It’s hard to stay interested in all the palace intrigues when brilliant creativity shines in your eyes…

This is turning out to be one of the greatest seasons in memory for serious, historic drama that makes you squirm in your seat, hoping that something more compelling than important will eventually happen.  In the weeks to come, amidst a flurry of also-ran historical/biographical films, there are some really excellent films, including Antwone Fisher, Bloody Sunday, Bowling For Columbine, City of God, Max and Rabbit-Proof Fence. 

And then, there are two of the best Jewish Holocaust dramas ever made, The Grey Zone and The Pianist.  I saw The Grey Zone back at Toronto 2001 and have been a supporter ever since.  I hope to see it again before it finally gets released in a few weeks.  But Tuesday night, I saw The Pianist for the first time.

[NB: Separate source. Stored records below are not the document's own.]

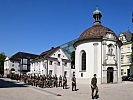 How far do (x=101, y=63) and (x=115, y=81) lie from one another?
3.86 m

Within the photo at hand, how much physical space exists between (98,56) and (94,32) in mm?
4026

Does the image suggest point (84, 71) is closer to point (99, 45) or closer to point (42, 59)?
point (99, 45)

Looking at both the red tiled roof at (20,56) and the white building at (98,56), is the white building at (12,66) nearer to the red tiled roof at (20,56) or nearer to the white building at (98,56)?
the red tiled roof at (20,56)

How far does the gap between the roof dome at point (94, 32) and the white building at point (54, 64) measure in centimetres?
2267

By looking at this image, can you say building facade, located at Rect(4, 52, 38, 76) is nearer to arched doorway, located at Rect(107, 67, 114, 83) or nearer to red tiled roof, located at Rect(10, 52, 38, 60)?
red tiled roof, located at Rect(10, 52, 38, 60)

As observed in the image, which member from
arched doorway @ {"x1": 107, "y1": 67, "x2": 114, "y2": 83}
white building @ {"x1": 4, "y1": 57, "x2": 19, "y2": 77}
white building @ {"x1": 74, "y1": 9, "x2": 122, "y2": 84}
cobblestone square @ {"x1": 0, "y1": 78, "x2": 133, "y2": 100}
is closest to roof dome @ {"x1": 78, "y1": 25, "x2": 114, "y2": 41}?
white building @ {"x1": 74, "y1": 9, "x2": 122, "y2": 84}

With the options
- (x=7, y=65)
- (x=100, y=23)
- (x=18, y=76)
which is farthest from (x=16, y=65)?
(x=100, y=23)

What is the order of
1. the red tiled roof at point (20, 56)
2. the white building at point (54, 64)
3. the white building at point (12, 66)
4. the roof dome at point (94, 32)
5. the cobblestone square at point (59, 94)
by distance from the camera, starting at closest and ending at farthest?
the cobblestone square at point (59, 94), the roof dome at point (94, 32), the white building at point (54, 64), the white building at point (12, 66), the red tiled roof at point (20, 56)

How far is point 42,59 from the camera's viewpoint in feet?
221

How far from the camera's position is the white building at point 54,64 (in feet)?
214

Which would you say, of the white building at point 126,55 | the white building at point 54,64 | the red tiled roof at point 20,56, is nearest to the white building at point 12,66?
the red tiled roof at point 20,56

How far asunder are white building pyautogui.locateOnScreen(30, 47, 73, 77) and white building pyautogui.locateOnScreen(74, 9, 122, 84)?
72.8 feet

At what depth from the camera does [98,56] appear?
40562mm

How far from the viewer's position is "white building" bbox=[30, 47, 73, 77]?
65.1 metres
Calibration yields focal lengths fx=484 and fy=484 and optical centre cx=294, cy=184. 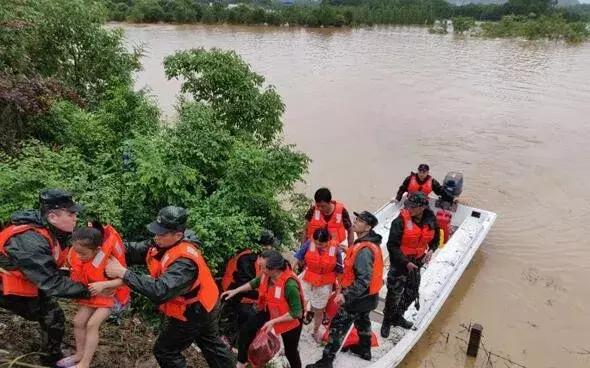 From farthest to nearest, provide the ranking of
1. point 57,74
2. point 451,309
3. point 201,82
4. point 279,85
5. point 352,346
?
point 279,85 < point 57,74 < point 201,82 < point 451,309 < point 352,346

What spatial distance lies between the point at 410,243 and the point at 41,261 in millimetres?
3529

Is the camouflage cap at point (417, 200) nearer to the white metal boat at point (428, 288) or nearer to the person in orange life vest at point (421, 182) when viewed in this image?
the white metal boat at point (428, 288)

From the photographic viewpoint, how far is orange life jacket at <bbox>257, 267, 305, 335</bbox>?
3967 millimetres

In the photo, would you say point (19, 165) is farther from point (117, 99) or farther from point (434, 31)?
point (434, 31)

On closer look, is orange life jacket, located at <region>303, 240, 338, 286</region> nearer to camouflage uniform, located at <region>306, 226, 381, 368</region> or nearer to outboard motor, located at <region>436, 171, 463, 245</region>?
camouflage uniform, located at <region>306, 226, 381, 368</region>

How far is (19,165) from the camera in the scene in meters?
5.40

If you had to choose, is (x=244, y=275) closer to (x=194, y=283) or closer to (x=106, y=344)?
(x=106, y=344)

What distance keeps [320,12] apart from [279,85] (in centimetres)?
2671

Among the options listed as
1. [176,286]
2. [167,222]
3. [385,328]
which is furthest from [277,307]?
[385,328]

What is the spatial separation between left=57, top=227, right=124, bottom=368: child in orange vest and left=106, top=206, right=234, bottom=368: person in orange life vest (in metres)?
0.11

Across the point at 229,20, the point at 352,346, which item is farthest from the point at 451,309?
the point at 229,20

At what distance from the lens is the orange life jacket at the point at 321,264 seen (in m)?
4.94

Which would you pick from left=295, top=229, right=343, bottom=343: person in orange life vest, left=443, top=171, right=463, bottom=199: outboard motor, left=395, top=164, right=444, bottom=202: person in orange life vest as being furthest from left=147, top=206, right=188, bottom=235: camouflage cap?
left=443, top=171, right=463, bottom=199: outboard motor

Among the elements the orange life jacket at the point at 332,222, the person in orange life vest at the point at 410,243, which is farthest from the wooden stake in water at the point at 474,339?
the orange life jacket at the point at 332,222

Roman Polanski’s first great work in over 20 years, The Pianist examines a terrible time in world history with a personal eye, remarkably subtle and complex given that the film is centered on the horrors of the Warsaw ghetto.  Polanski’s touch is so deft that he guides his central character by many of the events of the time, but never rubs your face in the ugliness.  It just happens, as in real life.

The Grey Zone takes a rather different tack, focusing specifically on the dichotomy of jews, in the concentration camps, who chose to ease the way of other jews to their deaths as a way of preserving their own lives.   This issue is in The Pianist too, but it is only part of the story.  Likewise, Istvan Szabo’s Taking Sides, which will be showing at the Mill Valley Film Festival (where I am headed next week), deals with the question of personal responsibility for atrocities by people who looked the other way rather than taking specific negative action.  (The film still has not U.S. distribution.)  Again, the issue is in The Pianist, but that is not what the movie is about.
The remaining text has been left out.